The United States was quite slow at accepting and believing information that the Soviets had massive espionage networks despite details from Igor Gouzenko, a Soviet cipher clerk who defected in Canada He “…characterized the Soviet espionage system from personal experience as ‘mass production’.” He said there were thousands of agents in the United States and nine separate espionage cells active in Canada. Elizabeth Bentley and Whittaker Chambers, both who worked as couriers for the Soviets, would defect and report more details. They were dismissed by many as unreliable or mentally unstable. Bentley became the source of media jokes that she was a frustrated spinster who thought of herself as the “Red Spy Queen.”
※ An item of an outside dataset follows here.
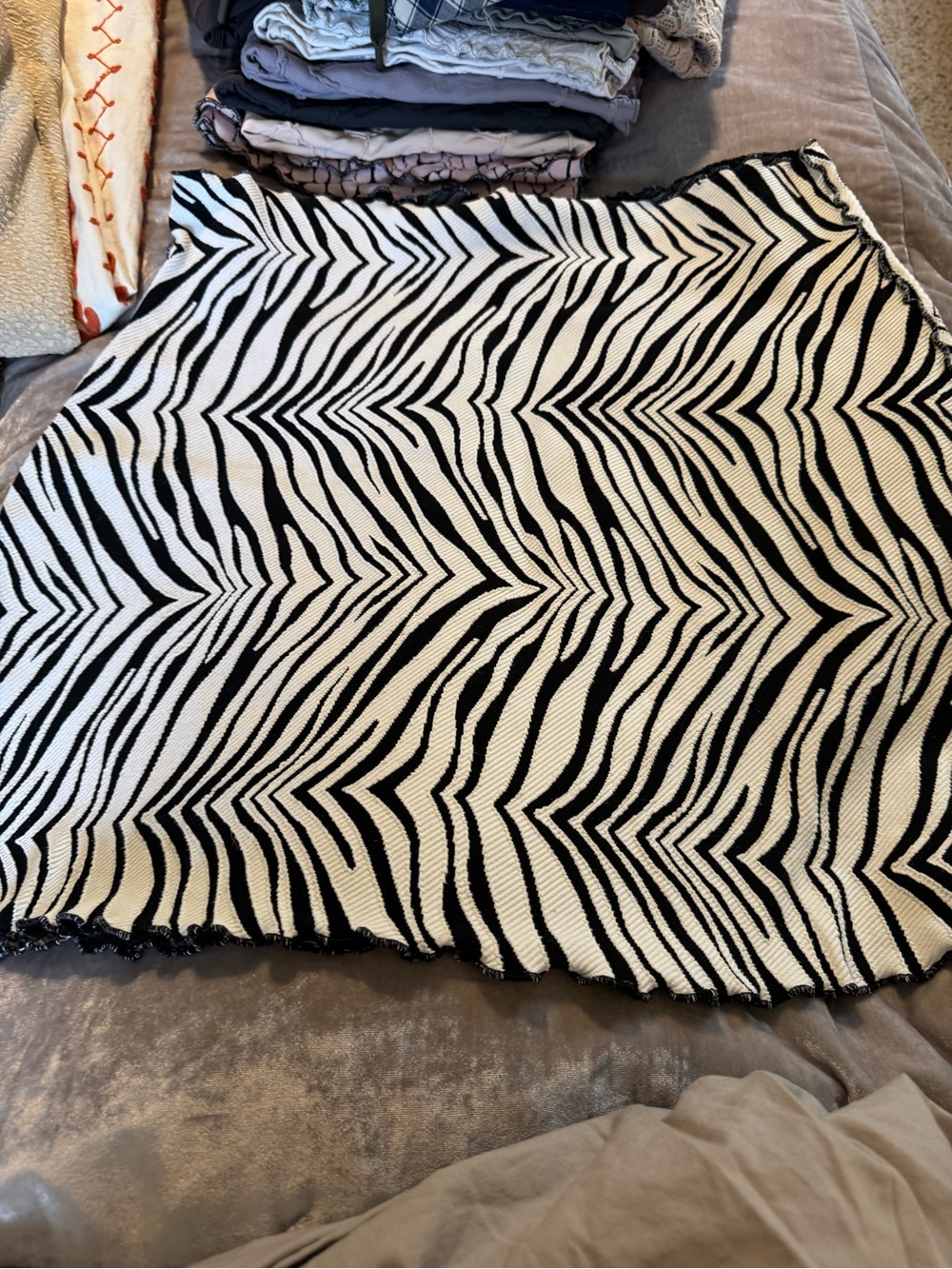 Zebra-Print Black and White Circle Skirt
The selection of Robert Oppenheimer to lead Los Alamos despite his connections with the Communist Party is fascinating. Kitty Oppenheimer’s first husband, Joe Dallet, was a Communist Party official who volunteered to fight with the Communists in the Spanish Civil War. Kitty went to Spain to meet her husband, and was met by Steve Nelson, a lieutenant colonel in the Abraham Lincoln Brigade, who told her Dallet had been killed. Nelson, who had received training in Moscow, would turn up in Berkley to organize Communist Party operations in the Bay area. Nelson was said to have explored the possibility of the Oppenheimer’s susceptibility to espionage and found that they were not. A French professor friend, Haakon Chevalier, acting on the behalf of George Eltenton, also failed to recruit Oppenheimer. The book concludes that Oppenheimer did hot spy for the Soviets. However, it is surprising he was cleared to run the Manhattan Project
There is a description of Stalin’s reaction to hearing about the bombing of Hiroshima. He is said to have “…had a tremendous blow up.” He knew about the bomb when Truman mentioned it to him at Potsdam, but he apparently didn’t understand the implications until the reports came in about Hiroshima. He banged his fists on the table and stamped his feet. Yakov Terletsky, the physicist who joined the special department of the NKVD to deal with atomic espionage, said he thought Stalin “had something to be angry about. After all, the dream of extending the socialist revolution throughout Europe had collapsed…” Stalin summoned Kurchatov and said, “A single demand of you comrades. Provide us with atomic weapons in the shortest possible time. You know that Hiroshima has shaken the whole world. The equilibrium has been destroyed. Provide the bomb—it will remove a great danger from us.” That passage is one answer to those who wonder whether the United States should have pursued the development of an atomic arsenal.
The book is quite long and is sometimes tedious because of all the detail. However, I believe it is mandatory reading for anyone interested in the central role of nuclear weapons in the Cold War.